Nina shrugged and looked away. “Babies don’t exactly fit in very well with my chosen career.”

“You’ll feel different when you’re older.” The words were spoken with that sort of smug authority that mothers got.

Nina shook her head. The long hours she worked on set weren’t conducive to raising children. And why bother having them at all if you were just going to pay someone else to raise them?

“But family is everything,” Moira persisted.

To the Kelly clan, family obviously was everything. They were a big, noisy family, who lived in each other’s pockets. But the Alexanders had never been like that. Service to others always came before family. After Dad died and first mom then Jess had gone off to save the world, it had just been her and Gran left in that empty, echoing house in Cedar Falls. Much as she loved her grandmother, family for her was nothing like the one she was in right now.

Nina shivered. “Not wondering how I’m going to pay my bills every month is much more important to me.”

Moira laughed, but it sounded strained. “Surely you’re rich enough you don’t need to worry about paying bills?”

It hadn’t always been that way, but that was exactly how Nina planned to keep it. She had a condo she owned outright and no one was ever taking it from her.

She plastered on a smile. “Besides, I love being famous. Living inside a goldfish bowl comes with a lot of perks and opens all sorts of doors. I can get tickets to any show, invitations to any party, reservations at any restaurant. And now that I can afford to buy stuff, people keep offering it to me for free! It’s a great life, but it’s not fair on partners or children and I wouldn’t want to put an innocent child through that.”

“You could make it work if you wanted to. Other people have.”

Nina shook her head. She’d met a few of the grown-up children of celebrities and they were even more screwed up than their parents.

“But what if you fall in love with a man who wants a family?” Moira asked and something clicked in Nina’s head. Moira wasn’t defending the virtues of familyhood. She was projecting a future for Dom. With Nina. And children.

She suppressed the manic laugh that bubbled up inside her. So not going to happen. Even if Dom were a different kind of man, she wasn’t about to become a different kind of woman.

And the moment they got out of here she was calling Wendy. The sooner she could get her hands on the morning-after pill, the better.

She’d made uncomfortable requests of her PA before. None was as excruciating as asking Wendy for contraceptives and a pregnancy test kit. As always, her PA remained professional.
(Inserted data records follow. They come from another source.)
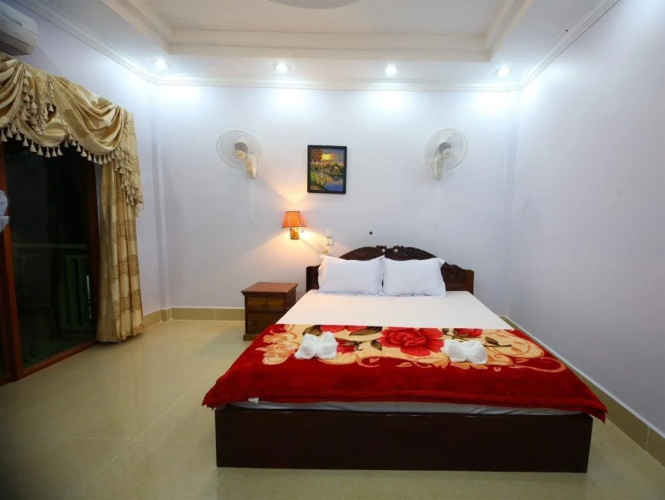 Golden View Villa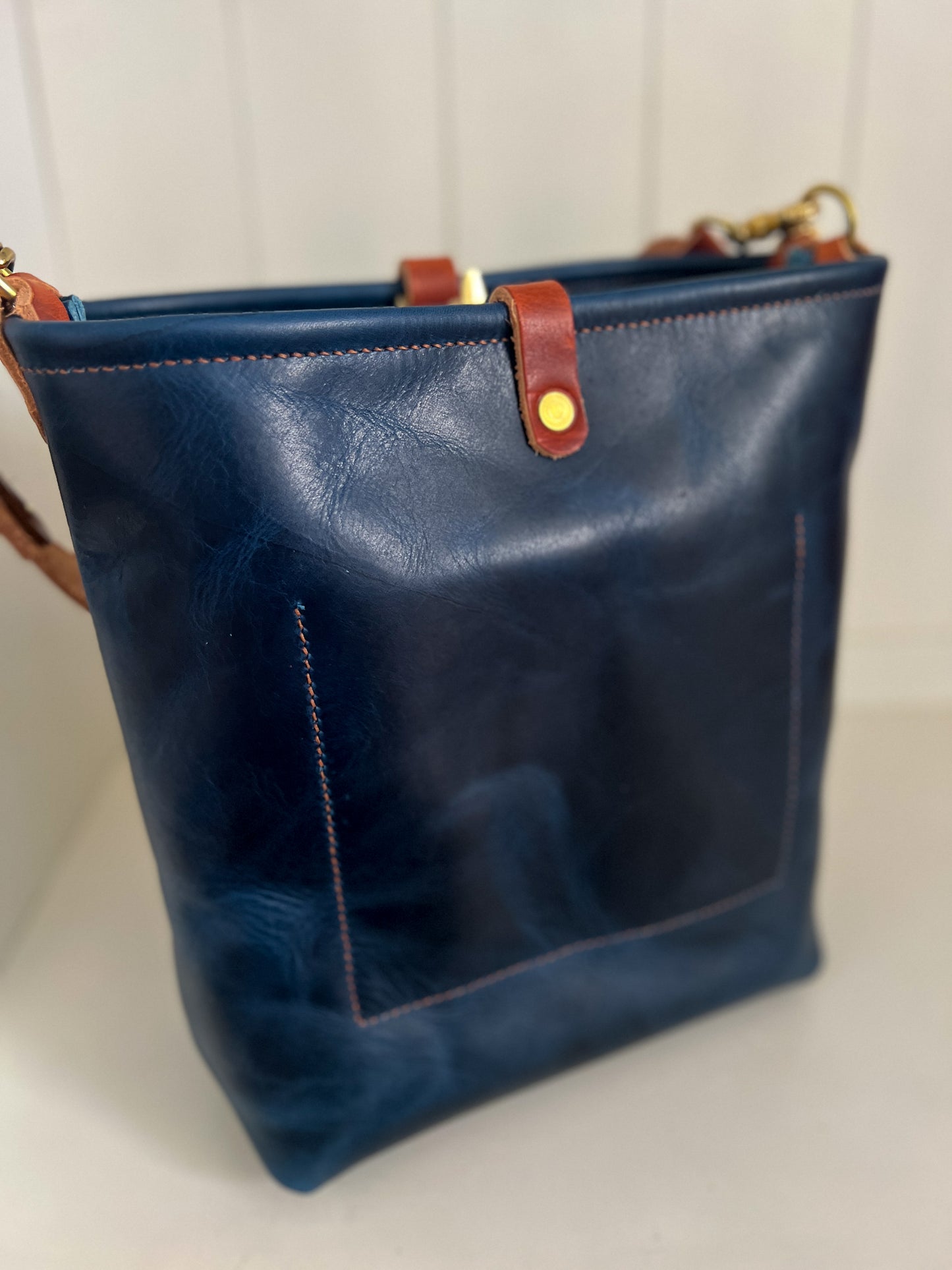 Bennett Bucket in Horween Cobalt Derby Veg Tan Leather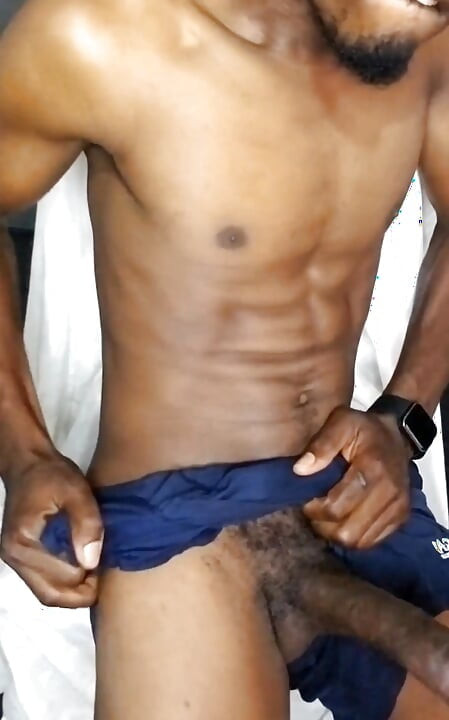 Mângâindu-mi pula mare și neagră mi-a aruncat pantalonii scurți boxeri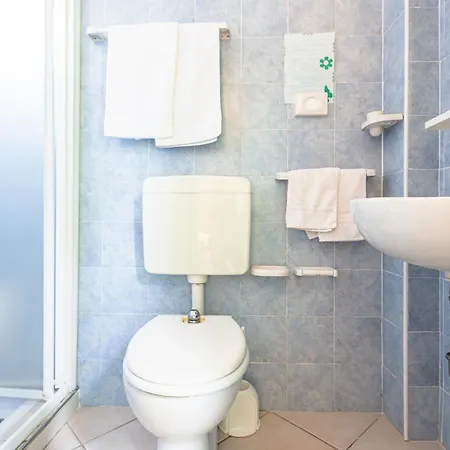 Hotel Gadames - Lunch On The 3*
Nina was the one who was mortified.

“It should be effective up to three days after unprotected sex, but the longer you wait, the less effective it is,” Wendy said. “How long has it been?”

Nina’s face flamed. “Not that long,” she mumbled, hiding the brown-paper packet beneath the breakfast table before Dom’s housekeeper could spot it.

“You have the Easter Red Cross benefit in a few weeks. They want to know if you’re bringing a date. For the seating arrangements.”

Nina was sure that was a glint in Wendy’s eye as she asked, but her PA got extra credit for not glancing towards the French doors, where Dom had disappeared into the house.